非欧米諸国で唯一独力で近代化を成し遂げた日本は、世界史の奇跡とも言われます。また、この150年のちょうど中間に太平洋戦争が位置します。明治維新から始まった日本の近代化とは何だったのか。今日の視点で、もう一度考え直してみようという狙いです。
急速な近代化は、なぜ可能だったのでしょうか。また〝和魂洋才〟とは。など、日頃の不勉強を反省しつつ、関連文献などを読みながら、あれこれ頭を巡らせているところです。皆様に興味を持っていただけるような企画にしたいと考えています。ご期待ください。 (事務局長)

平成30年1月号

明けましておめでとうございます。会員の皆様も希望に満ちた新しい年をお迎えになられたことと思います。如水会事務局も、気持ちを新たに業務に取り組みます。本年もどうぞよろしくお願いいたします。
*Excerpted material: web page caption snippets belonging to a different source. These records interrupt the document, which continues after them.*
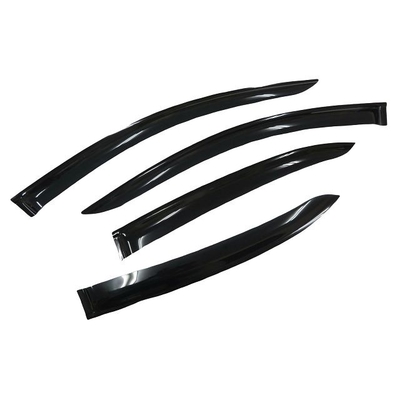 Protective &amp;amp; Decoration For Mazda 2 2014-2020 Window Visor Vents Sun Shade Rain Guard Door Visor
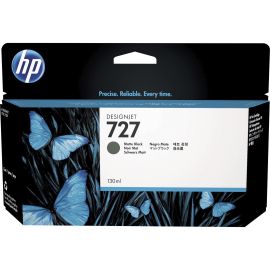 HP 727 (B3P22A) Original Standard Yield Inkjet Ink Cartridge - Matte Black - 1 Each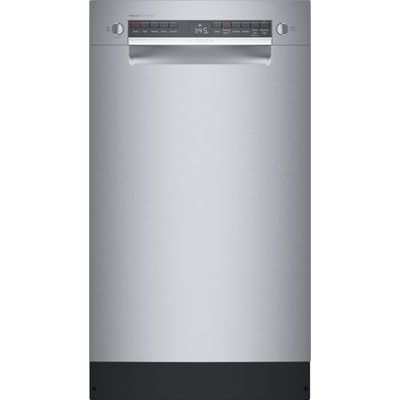 Bosch SPE53B55UC 300 Series 18" Front Control Smart Built-In Dishwasher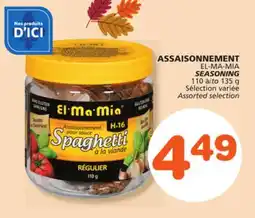 Marches Tradition EL-MA-MIA SEASONING offer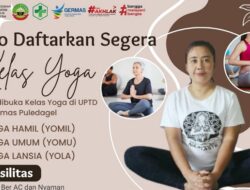 “Puskesmas Puledagel Blora: Program Yoga Ibu Hamil Terbaru!”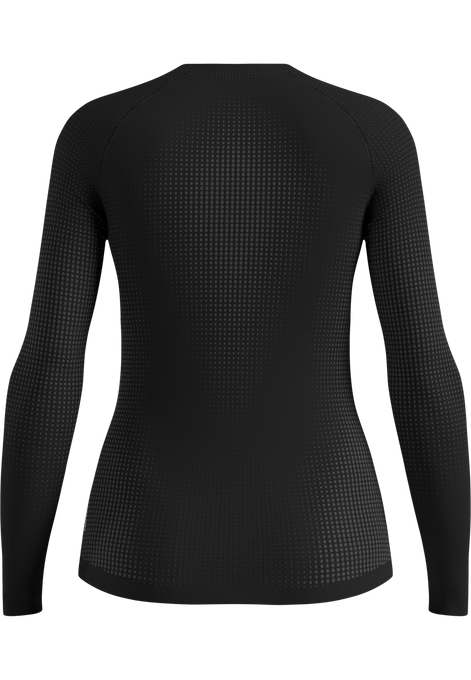 Thermoactive Shirt Odlo Perfomance Warm BL Top Crew Neck L/S Woman Black - 2025/26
今年は明治維新から150年の年になります。全国各地で様々な催事が計画されているようですが、如水会も春の移動講座を鹿児島で5月20日(日)に開催することとしました。建学の祖森有礼の出身地でもあります。会員の皆様もこの機会に鹿児島に足を延ばされては如何でしょうか。

明治維新にちなんでということではないのですが、新年号の本誌の表紙は若き日の渋沢栄一翁です。昨年は、幕末の慶応3年(1867年)、徳川慶喜の弟昭武に随行して当時27歳の栄一が渡仏して、パリ万博を訪れた年から150年目に当たっていました。東京・王子の渋沢史料館では昨秋、「渋沢栄一、パリ万国博覧会へ行く」という企画展が開かれていました。栄一はパリ万博見学の後も、欧州各地を歴訪しています。明治維新をまたいで、明治元年11月に帰国するまでの約1年半、その後「日本資本主義の父」と言われるようになる渋沢栄一の礎が形作られたのでした。
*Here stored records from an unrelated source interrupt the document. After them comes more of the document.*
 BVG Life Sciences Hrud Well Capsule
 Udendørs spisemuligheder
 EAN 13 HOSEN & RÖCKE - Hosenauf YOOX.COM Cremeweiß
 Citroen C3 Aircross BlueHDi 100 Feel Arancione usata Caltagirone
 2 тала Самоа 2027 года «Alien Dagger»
本誌の表紙は、これまで一橋大学キャンパスの様々な写真シリーズを続けてきましたが、今年の新年号からしばらく渋沢栄一記念財団のご協力を得て、渋沢栄一に纏わる写真資料などのシリーズとしたいと考えています。ご期待ください。

また、本文の中でご紹介していますように、昨秋11月11日の栄一翁の命日には谷中霊園の墓所にお花を供え、何人かの会員の方々と一緒にお参りをしてきました。これまで如水会としては、栄一翁の命日に特段のことはしていませんでしたが、これからは毎年お花を供えに行きたいと考えています。
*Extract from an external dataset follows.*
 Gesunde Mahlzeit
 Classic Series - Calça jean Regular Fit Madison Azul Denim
新年号のインタビューは、石弘光元学長にお願いをしました。一昨年の6月にすい臓がんが見つかってから約1年半。末期がんと闘っておられるとは思えないようなお元気さです。如水会館にもしばしばお見えになり、食事も他の方々と変わりなく取られているお姿を拝見すると、「本当に闘病中ですか」と伺いたくなります。しかしお話を伺うと、それは先生の類まれな「気力」と「体力」のなせる業ということが分かります。常人にはなかなか真似のできないことと思う一方、長寿社会の到来とともに誰もが経験する可能性のある病との闘いに、勇気を与えて頂いているという思いも強く受けました。

また、現下の日本の財政状況に対するお話も心に響きました。日本のこれからを誰が責任を持って運営していくのか。問われているのは政治家だけではなく、国民一人一人なのだと改めて感じた次第です。